Direct way to watch progress of Snapshot of RDataFrame

mzks · August 10, 2022, 1:23pm

Hi, I create new tree but not a histogram with some tree(s) using RDataFrame.
I create new branches with like df.Define("new_values", calc, {"old_values"} then df.Snapshot("new_tree", "new.root") (df is ROOT::RDataFrame)

During this, I would like to watch the progress. I found a way in the tutorial and example to stand on a Histogram like this,

auto h = df.Histo1D("new_values");
h.OnPartialResult(100, [&](TH1D &h_) {cout << h_.GetEntries() << endl;});
*h; // run loop here in my understanding

df.Snapshot("new_tree", "new.root")

This treatment works, but it is a little bit tricky. I might think that the overhead is fully negligible.
This h is not related to our processing. When I process another tree, I will need to change the “new_values” for an existing branch. If I remove *h, Moreover, the event loop will be executed in *h, not Snapshot (in my understanding).
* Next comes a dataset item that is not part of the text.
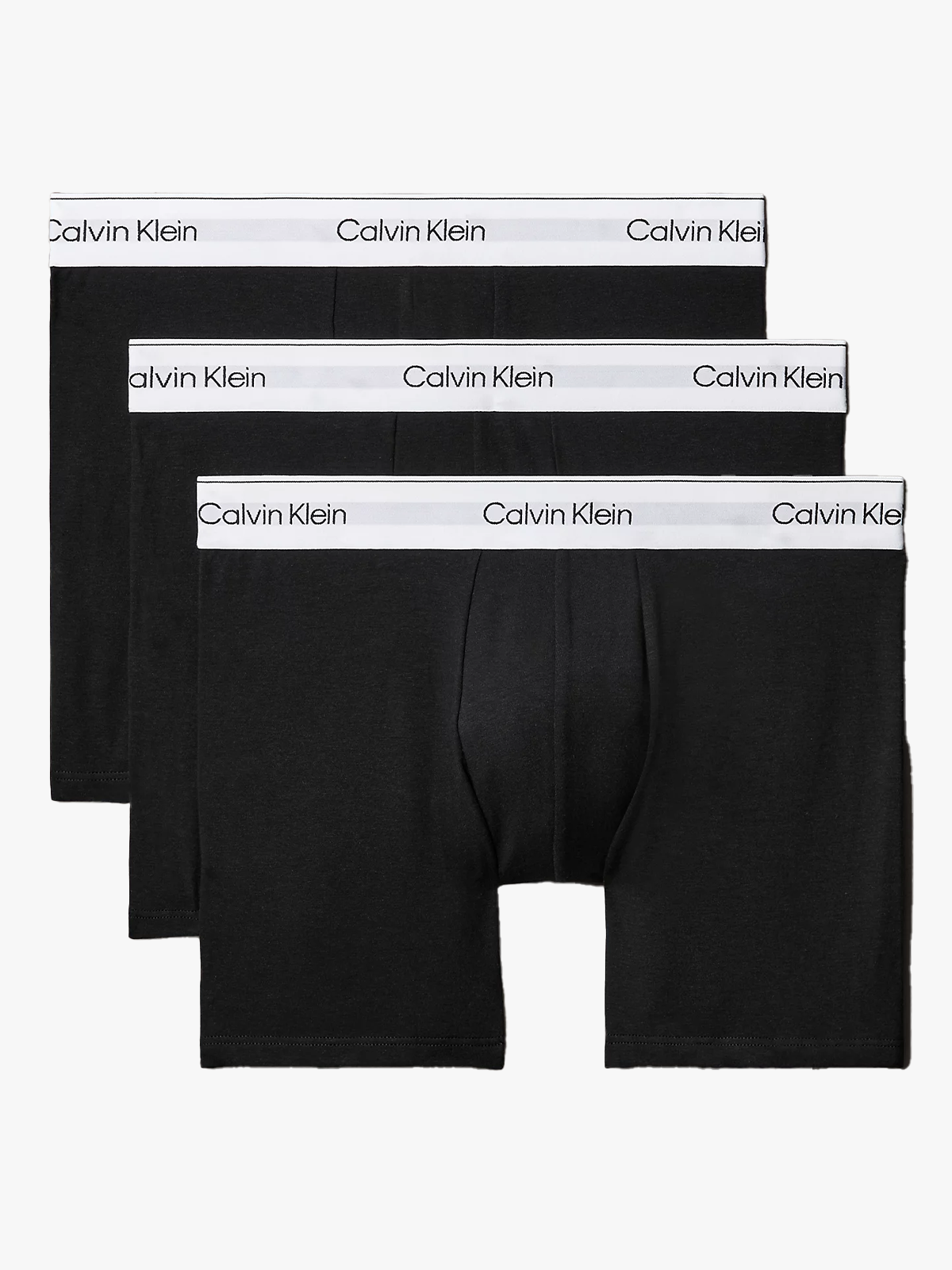 Calvin Klein Boxer Brief 3-Pack Black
May I have a better direct way?

eguiraud · August 11, 2022, 5:58pm

Hi @mzks ,

you can call OnPartialResult on (almost) any RDF result, so a cheaper way is to just do a Count rather than a Histo1D (although the cost of filling an extra histogram should indeed be small w.r.t. the Snapshot).

Your code above runs two event loops, the first one on *h (because Histo1D is a lazy action and you access its result), the second on Snapshot, which is an instant action (unless you pass an option parameter to make it lazy) and therefore runs the event loop right where it’s called.

I think you want something like this:

df.Count().OnPartialResult(/*every */100/* events*/,
                           [](auto c) { std::cout << c << '\n'; });
df.Snapshot("new_tree", "new.root");

Cheers,
Enrico

eguiraud · August 12, 2022, 9:11am

P.S.

we are adding a progress bar feature to RDF itself soon (it will be available in the next ROOT release).

system · August 26, 2022, 9:11am

This topic was automatically closed 14 days after the last reply. New replies are no longer allowed.